■ **Exercise requirements**: Your answer must be the lines from the one containing "being released from" through the last line below, copied exactly, with no pictures.

Captioned web images:
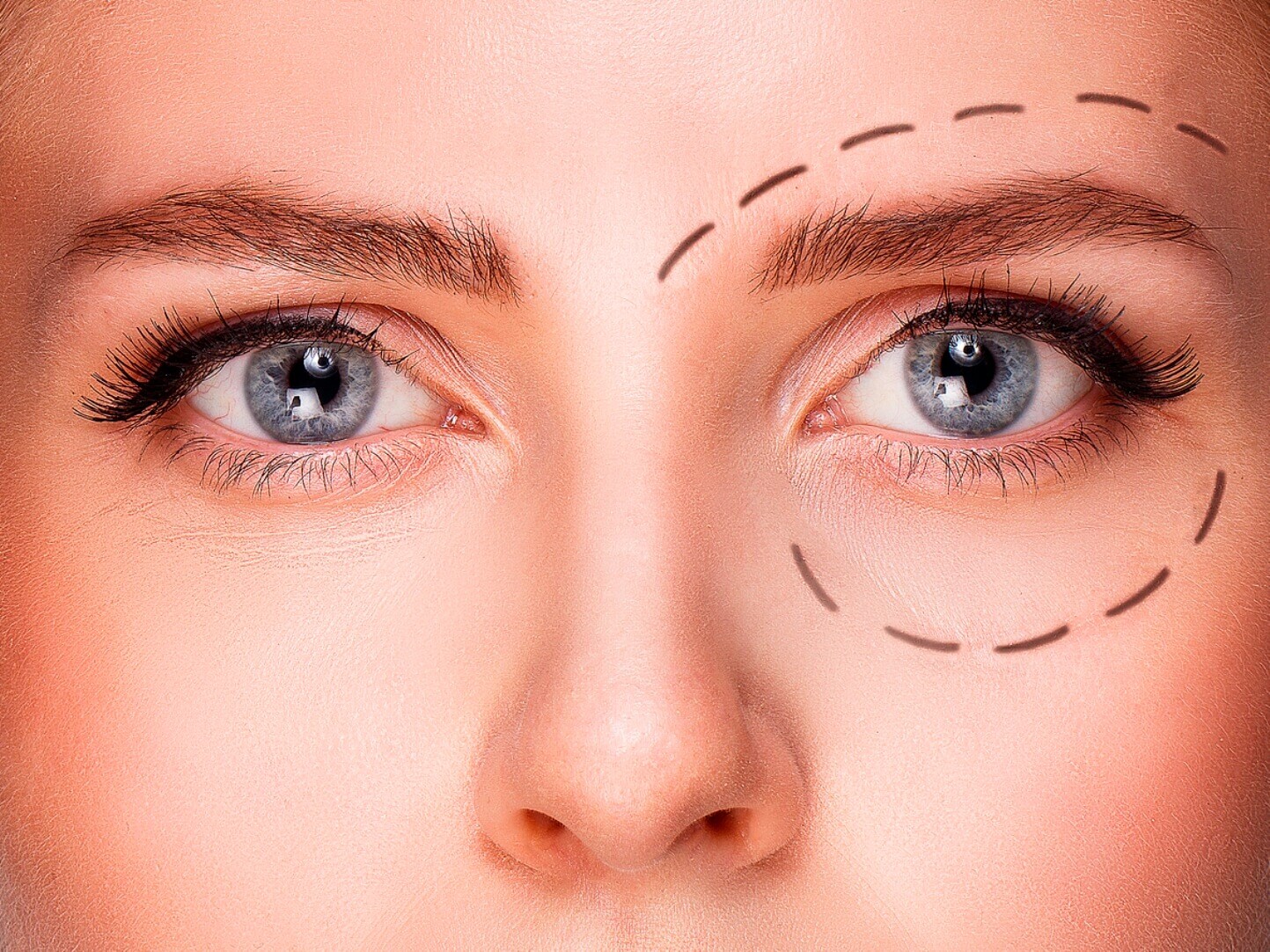 Bothered-by-Droopy-Eyelids Bothered-by-Droopy-Eyelids
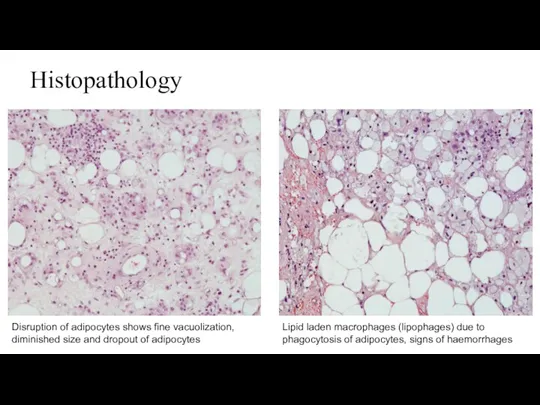 Histopathology Lipid laden macrophages (lipophages) due to phagocytosis of adipocytes,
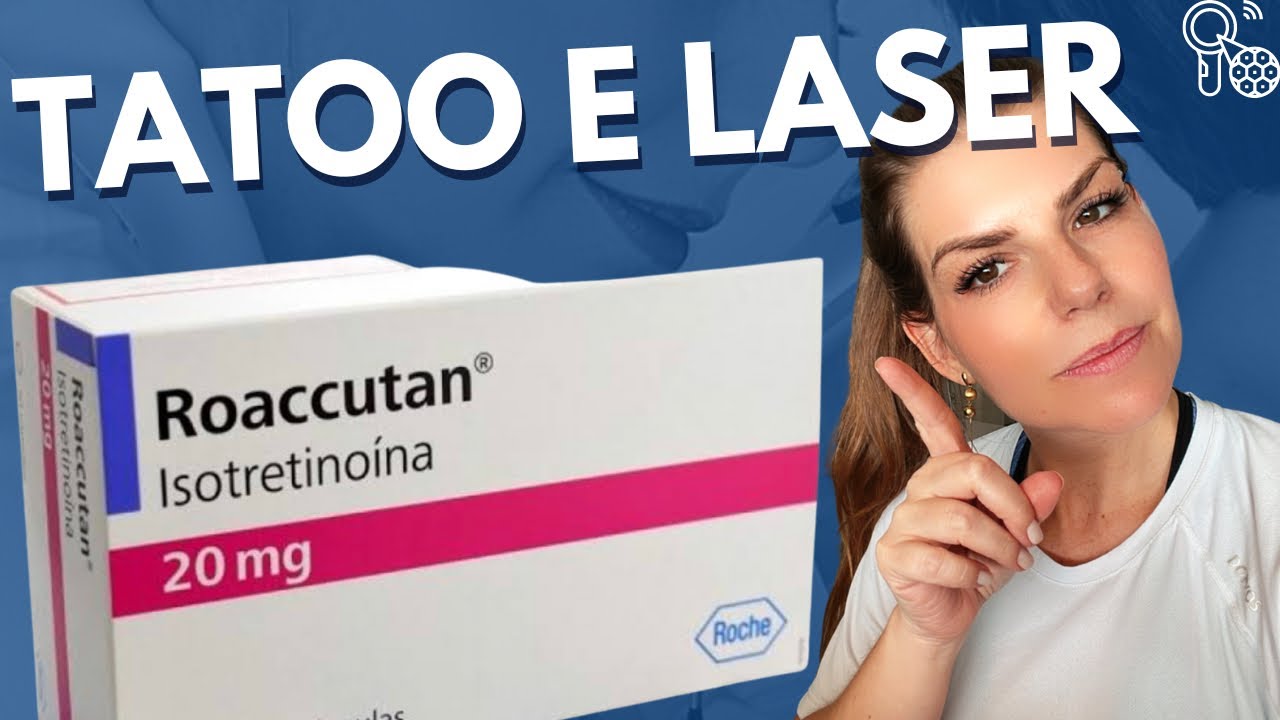 Posso fazer tatuagem e depilação tomando Roacutan? - YouTube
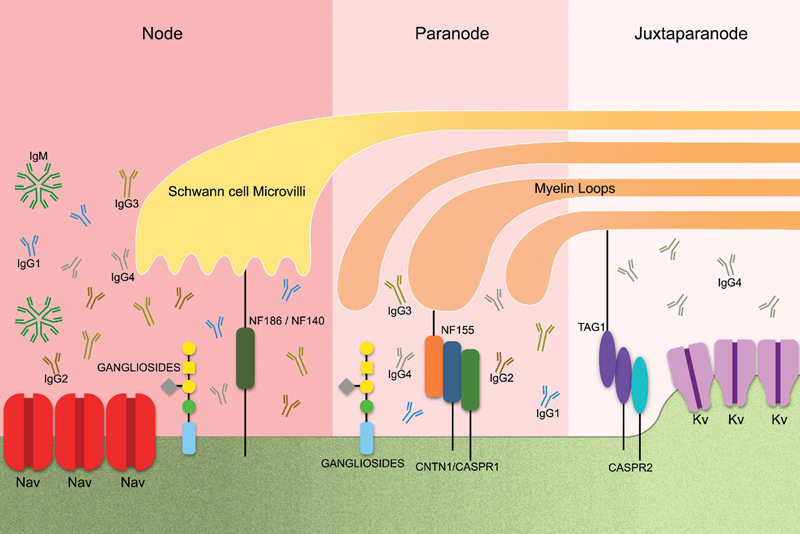 Immune-mediated insights into clinical and specific autoantibodies in acute and chronic immune-mediated nodo-paranodopathies.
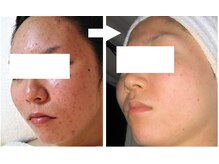 サロンドエステケイワイ(de KY)/フェイシャル☆ニキビ改善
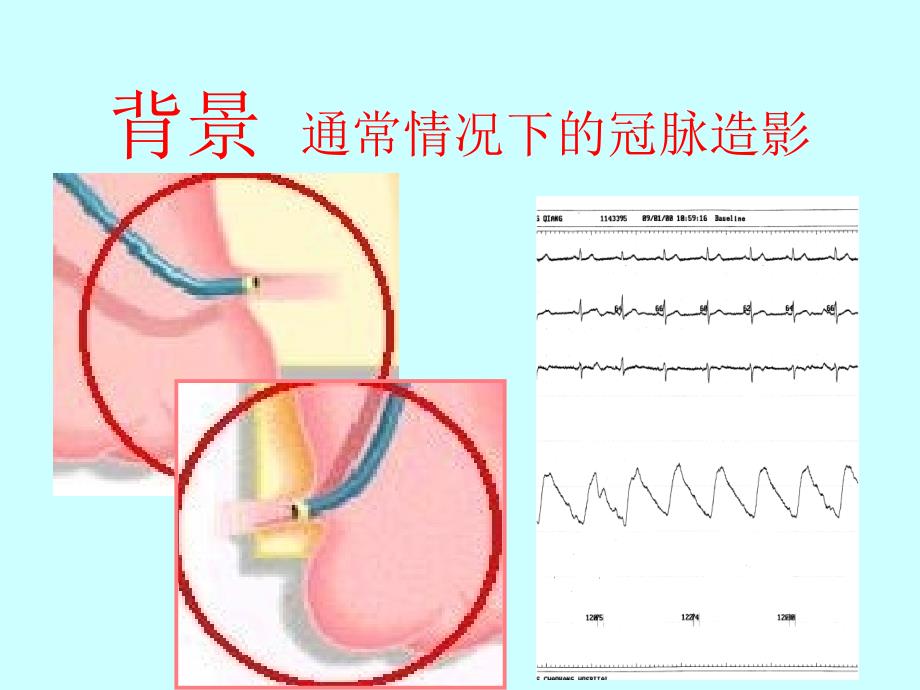 冠状动脉开口处病变选择性冠状动脉造影的方法学改良_第4页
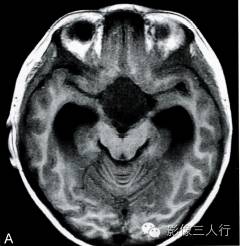 【病例】鞍上池室管膜瘤1例MR影像表现分析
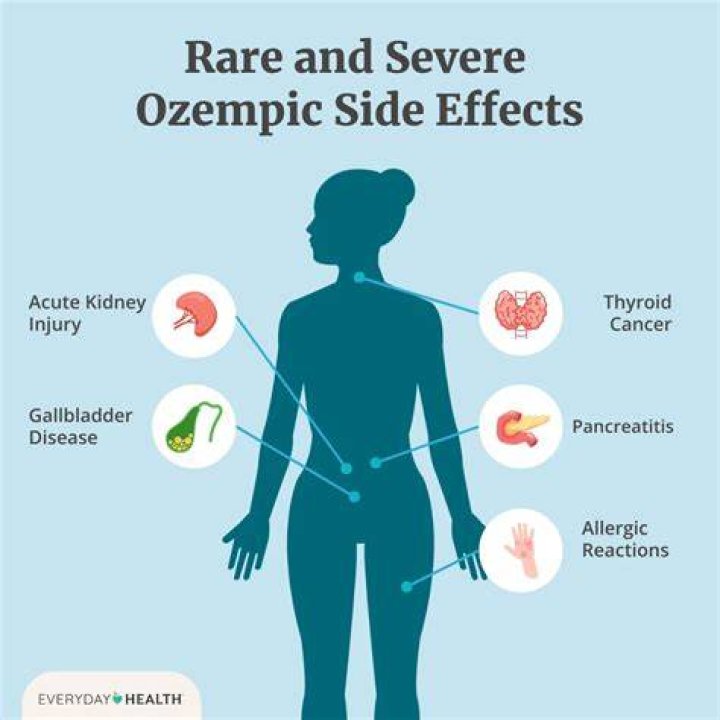 Ozempic side effects and how to avoid them SingleCare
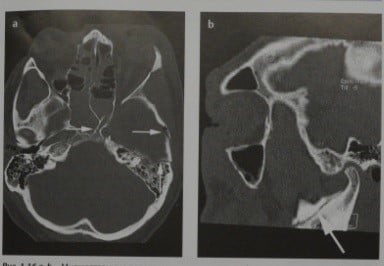 Снимки МРТ и КТ. Перелом костей черепа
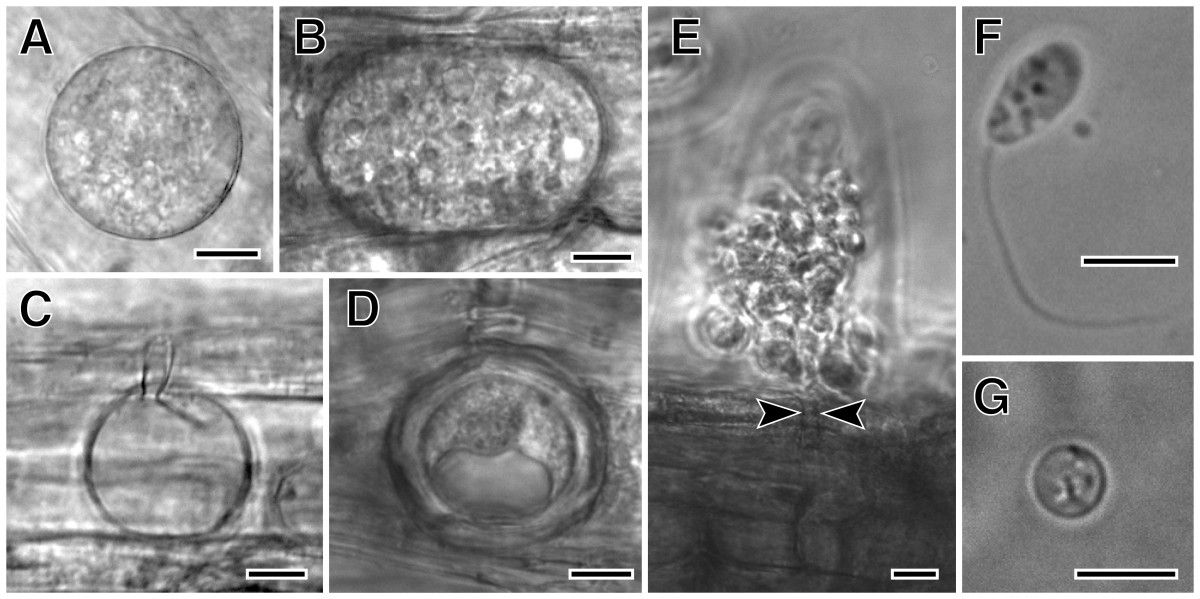 From Sekimoto et al., 2011: Olpidium bornovanus, a unicellular
fungus, is an obligate parasite of plants that reproduces with
flagellated, swimming zoospores. A-B. Vegetative unicellular thalli
in cucumber root cells. Thalli differentiate into sporangia with
zoospores, or into resting spores. C. An empty sporangium, after
zoospore release. D. A thick-walled resting spore. E. Zoospores
being released from a sporangium, showing the sporangium exit tube
(arrowheads). F. A swimming zoospore with a single posterior
flagellum. G. An encysted zoospore. Bars: A-E = 10 μm; F,G = 5
μm. Figures are from <a
href="https://bmcevolbiol.biomedcentral.com/articles/10.1186/1471-2148-11-331">Sekimoto et.
al., 2011</a> used under a <a
href="http://creativecommons.org/licenses/by/2.0/">Creative Commons
Attribution 2.0</a> License.
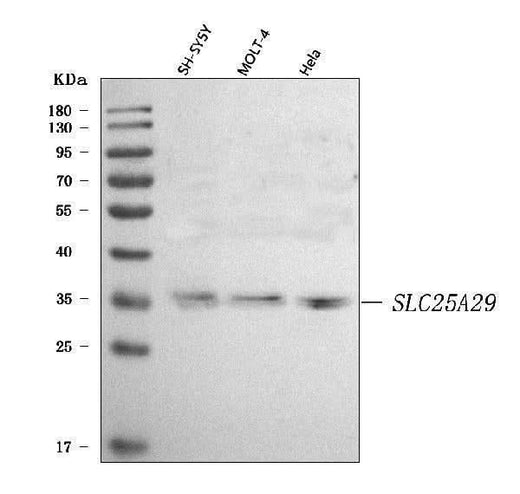 Anti-SLC25A29 Antibody Picoband® Boster Bio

■ **Exercise answer**:
being released from a sporangium, showing the sporangium exit tube
(arrowheads). F. A swimming zoospore with a single posterior
flagellum. G. An encysted zoospore. Bars: A-E = 10 μm; F,G = 5
μm. Figures are from <a
href="https://bmcevolbiol.biomedcentral.com/articles/10.1186/1471-2148-11-331">Sekimoto et.
al., 2011</a> used under a <a
href="http://creativecommons.org/licenses/by/2.0/">Creative Commons
Attribution 2.0</a> License.
 Anti-SLC25A29 Antibody Picoband® Boster Bio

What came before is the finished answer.